Lots of people have objected to Mad Mel’s whine about “the seemingly all-powerful gay rights lobby” and Dominic Raab‘s claim that it is men, rather than women, are “victims“ who get a raw deal. But I don’t think anyone has quite nailed the problem here - that both are guilty of an anti-scientific ignorance of the nature of power.
I’m thinking of something Sir Paul Nurse said last night - that a scientific attitude looks at the whole body of evidence, and does not cherry-pick a few anecdotes. This, though, is what Phillips and Raab do not do.
Of course, there are individual instances of men getting a bum deal and of gays brow-beating straights. The question is: are these instances representative of the wider, fuller sample of experience?
There are good reasons to think not, in two ways:
1. There’s an availability heuristic at work here. The gobby gay and the “obnoxious bigot” of a feminist get noticed by virtue of being loud. But the gay who is tormented by the threat of homophobic bullying, or the battered wife, are quiet and go unnoticed. There’s therefore a natural tendency to over-estimate the power of the gay and feminist lobbies, and to under-estimate the extent of their victimhood.
Right-wingers who look at a few gay or feminist activists and infer that gays and women generally have power are as daft-headed as left-wingers who look at Toby Young or James Delingtwat and infer that all right-wingers are whiny, vacuous, self-promoting little pricks.
2. Power does not operate only - or even mainly - through visible, newsworthy, channels. It works more subtly, in unseen ways - for example by generating and sustaining social norms in which gays feel guilty for being who they are, or in which women are dissuaded from entering careers for which they would otherwise be suited.
Given these problems, the only way to assess whether gays or women have power is to look at the totality of evidence. Do gays (pdf) and women suffer (pdf) more discrimination in the workplace? Are they disproportionately likely to be victims of serious violence? Do they, on average, suffer worse life chances?
It is only statistical evidence that can adjudicate here. Anecdotes cannot be sufficient because they are highly likely to come from an extreme end of the statistical distribution.
Herein, though, lies the problem. It is in the very nature of the media to prefer the anecdote over statistics: human interest wins over numbers every time.
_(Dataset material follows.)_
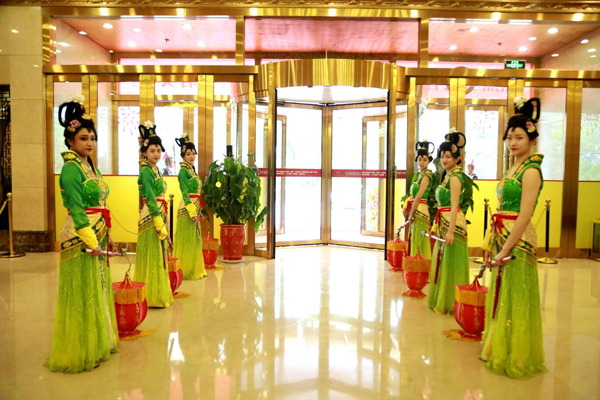 省市勞模同迎五一共賞《大唐女皇》(圖8)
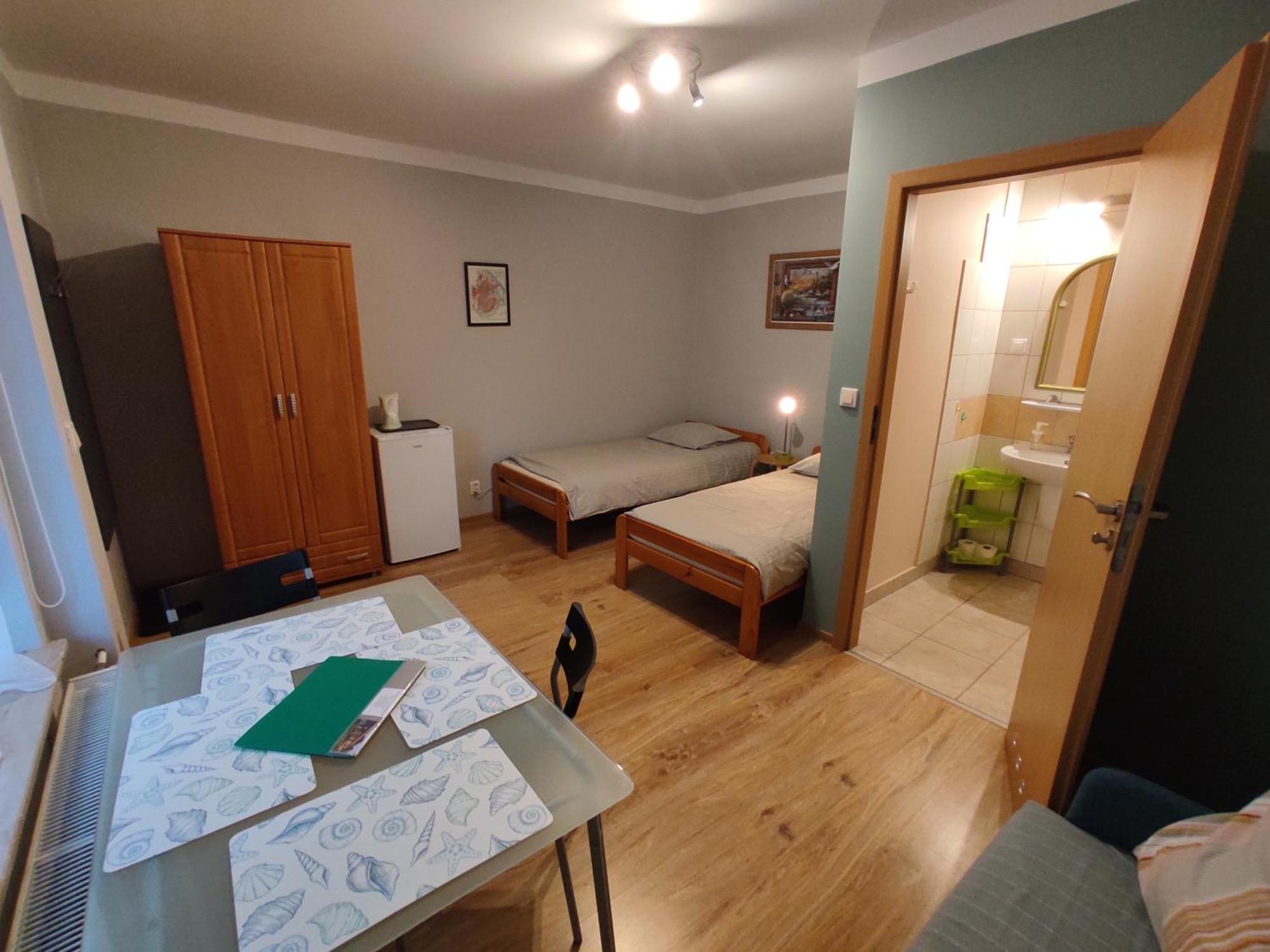 Pokoje Pod Klonami Homestay *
This preference, however, generates a systematic distortion in the way the media portrays inequality.
Can statistics really do all the important legwork here?
The links you provide show that women earn less than men, but this doesn't necessarily mean that discrimination is taking place.
To find out why there is a difference in pay we need to assess the various mechanisms that may lead to these outcomes. This may involve qualitative studies of women in the work place and the decisions they make and their experiences.
Surely these types of approaches would compliment statistical methods, and in some instances tell us even more than just numbers?
Posted by: Jimmy Hill | January 25, 2011 at 03:56 PM
If you get the chance, read David Grey's book, "The Two Liberalisms". He covers the philosophy of minority power through instigating guilt in the majority in detail.
Posted by: Grumpy Old Man | January 25, 2011 at 04:14 PM
"Right-wingers who look at a few gay or feminist activists and infer that gays and women generally have power are as daft-headed as left-wingers who look at Toby Young or James Delingtwat and infer that all right-wingers are whiny, vacuous, self-promoting little pricks."
Quite right. There's plenty of quantifiable evidence that right-wingers are whiny, vacuous, self-promoting little pricks without resorting to this sort of fallacy.
Posted by: chris y | January 26, 2011 at 01:52 PM
No, no, no. That's really really not fair.